Leading a Set of Tunes

If you’re new to a session, relax, enjoy the tunes, and play along when you know them.

It’s best to wait to start a set until someone asks you. Some sessions have a host who goes around the circle asking people to start sets. Some are a total free-for-all.

Most sessions are a mix. Regardless, if you’re new to the group, someone will probably ask you to play a set.

When asked, do it! Keep some possible tunes in mind and choose what seems best at the time.

Mix it up a little. If someone just started a set of jigs, start a set of reels or hornpipes—or perhaps some different jigs, if they’re really different.

If you go in to a session with your heart set on a particular set of tunes, you may get flustered if some of them have already been played. Be flexible and ready for anything!

How to kick things off

There are a few different conventions for how people announce the sets they’re going to play.

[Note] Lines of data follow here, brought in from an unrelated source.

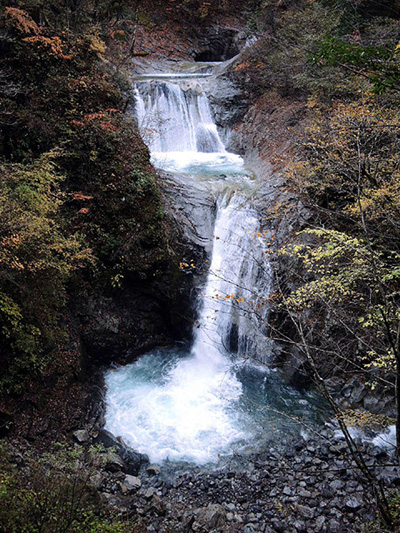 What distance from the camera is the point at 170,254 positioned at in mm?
8852

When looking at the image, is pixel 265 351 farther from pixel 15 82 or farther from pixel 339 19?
pixel 339 19

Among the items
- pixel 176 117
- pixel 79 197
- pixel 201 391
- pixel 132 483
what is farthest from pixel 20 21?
pixel 132 483

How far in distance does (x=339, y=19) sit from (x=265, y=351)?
12.2 metres

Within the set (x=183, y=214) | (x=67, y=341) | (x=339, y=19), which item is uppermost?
(x=339, y=19)

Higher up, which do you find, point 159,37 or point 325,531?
point 159,37

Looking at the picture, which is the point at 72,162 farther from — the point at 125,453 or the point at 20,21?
the point at 125,453

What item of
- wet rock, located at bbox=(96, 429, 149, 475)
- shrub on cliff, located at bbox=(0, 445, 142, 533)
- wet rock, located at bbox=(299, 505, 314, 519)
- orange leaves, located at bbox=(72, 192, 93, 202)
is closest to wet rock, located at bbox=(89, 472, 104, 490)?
shrub on cliff, located at bbox=(0, 445, 142, 533)

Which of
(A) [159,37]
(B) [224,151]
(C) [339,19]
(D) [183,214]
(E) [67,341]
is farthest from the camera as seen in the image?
(A) [159,37]

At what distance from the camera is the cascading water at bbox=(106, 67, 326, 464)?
660cm

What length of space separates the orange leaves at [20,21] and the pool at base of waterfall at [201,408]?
8439mm

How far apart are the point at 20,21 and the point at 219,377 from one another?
9600mm

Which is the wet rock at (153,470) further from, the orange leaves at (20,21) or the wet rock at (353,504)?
the orange leaves at (20,21)

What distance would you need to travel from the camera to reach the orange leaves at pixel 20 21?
741cm

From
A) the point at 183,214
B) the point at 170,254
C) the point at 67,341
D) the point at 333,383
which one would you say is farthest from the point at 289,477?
the point at 183,214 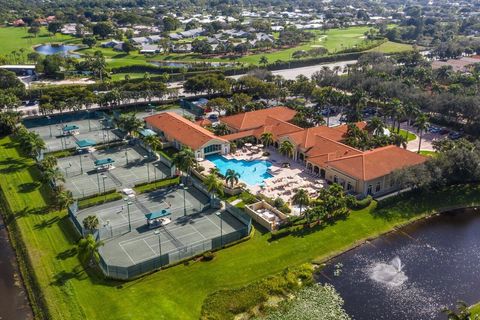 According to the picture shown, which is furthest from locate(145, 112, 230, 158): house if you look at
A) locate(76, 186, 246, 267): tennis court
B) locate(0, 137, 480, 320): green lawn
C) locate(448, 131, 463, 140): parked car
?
locate(448, 131, 463, 140): parked car

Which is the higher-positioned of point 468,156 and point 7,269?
point 468,156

For simplicity, I’ll call these the “Boston Method” and the “Portland Method”, because I notice people in Boston are a little more deliberate about doing this.

The “Boston Method” puts everyone on the same page, and it gives you a chance to review the tunes you’ve chosen. It also means you can switch tunes with a quick glance or nod, and people should know what’s coming next. I recommend leading your sets this way at first.

The “Portland Method” is more informal, maybe more energetic. It is higher risk, because you have to talk while playing. But it’s a good skill to master nonetheless, even if you prefer to be more deliberate.